:: Task instructions ::
Skip the pictures. Repeat everything else in the records word for word.

:: Information ::

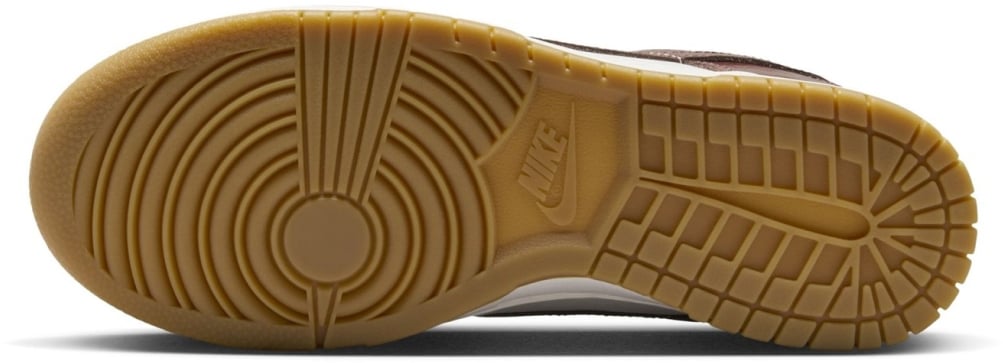 Nike Dunk Low Lx 'red Croc' Sneakers Divers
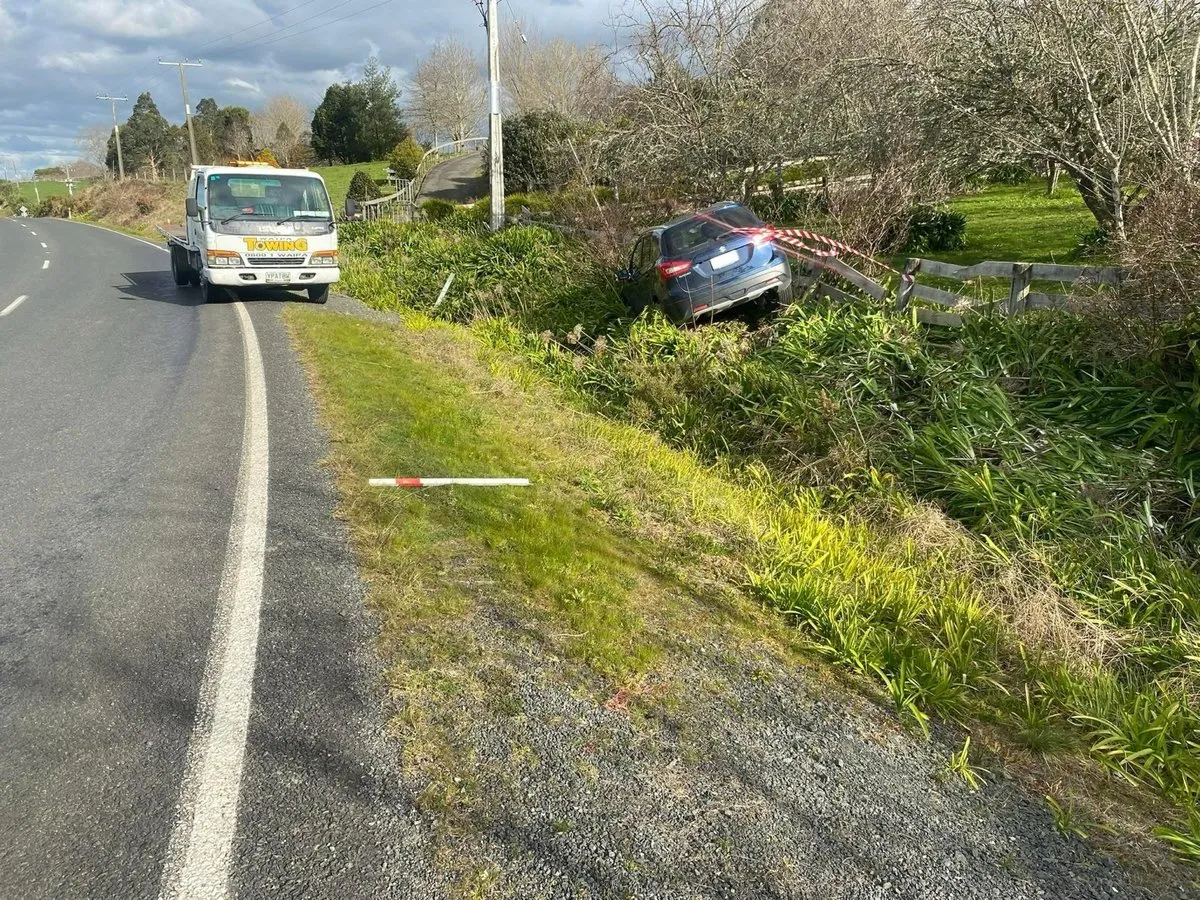 Accident recovery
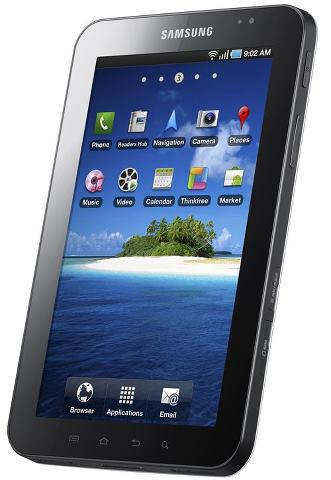 7-inch Samsung Tablet PC Available . large image 0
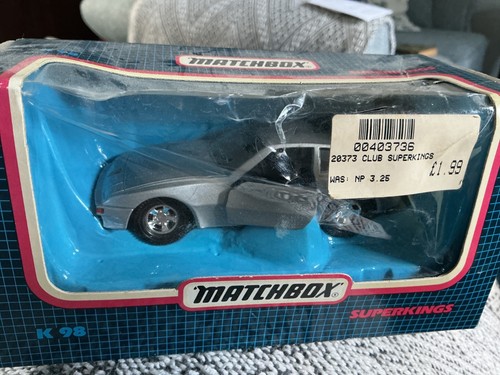 Matchbox super kings 98 - matchbox,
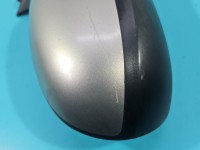 Lusterko prawe Fiat Bravo II Europa / Lakier: 272/B / 7pin / porysowana obudowa lusterka europa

:: Problem solution ::
 Nike Dunk Low Lx 'red Croc' Sneakers Divers
 Accident recovery
 7-inch Samsung Tablet PC Available . large image 0
 Matchbox super kings 98 - matchbox,
 Lusterko prawe Fiat Bravo II Europa / Lakier: 272/B / 7pin / porysowana obudowa lusterka europa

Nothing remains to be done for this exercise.